It seems the new Syrian coalition is having a huge success and is making strides in what has already been called the “Doha Process”. The UK has been the ninth country to grant the group full recognition, together with the Gulf States, Turkey, France and Italy. Other international actors have stopped short of recognising the group as a Government in-waiting or the sole representative of the Syrian opposition: that has been the stance chosen by both the EU and the United States. Qatar, France and the UK have even asked the opposition to appoint an ambassador to the country, a perfect first step towards an enhanced representation throughout the world.
Why some authorities have doubts when it comes to give the final push to the body? First of all, probably because it is still too soon: recognition comes hand in hand with responsibilities, and the group hasn’t still achieved anything near of coordinated military action. The new authorities have been accused of being too distant from the real fighters, and thus of ultimately be actually based outside of Syria. This sort of Government in exile in the offing has to show it is able to really represent Syria within Syria, that is to say, to show it is able to improve and manage its relations with the rebels on the front lines.
They also have to represent the views all regions and all groups, particularly of all minorities. That seems not the be the case of the Allawite community (Assad himself is an Allawite and most members of this group have been direly persecuted and fear further reprisals in case of an overthrow), even though 5% of seats in the body have been set aside for representatives of the Allawites. That also seems not to be the case of the Kurdish community, which however are taking advantage of the conflict to fulfill their dream of greater autonomy in the new scenario that will arise after Assad is toppled. Indeed, several forces decided not participate in the Doha conference, such as the National Conference to Save Syria, the Syrian Democratic Platform and the Kurdish National Council, among others. Indeed, the Coalition is driven by sectarian interests, better represents sectarian interests of its foreign supports (notably Sunni countries vs Shias) than it does actual Syrians, while it alienates other minority groups, and that does further encourage the “Lebanization” of Syria. Minorities are logically fearful of a Syrian state under a Muslim Brotherhood or Salafist regime backed by conservative Arab Gulf states.

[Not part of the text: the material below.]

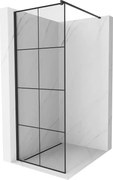 Mexen Kioto ścianka prysznicowa Walk-in 90 x 200 cm, czarna kratka 8 mm, czarna - 800-090-101-70-77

The possibility of a Turkey-lead transition, for its part, keep Kurds away from the Syrian opposition.
Another issue is “haunting” the international community in this respect: what can be done to respect the “Geneva communique” (a key document signed by all permanent members of the Security Council back in June, whereby the new opposition should include elements of the current regime, figures that however cannot have blood in their hands)?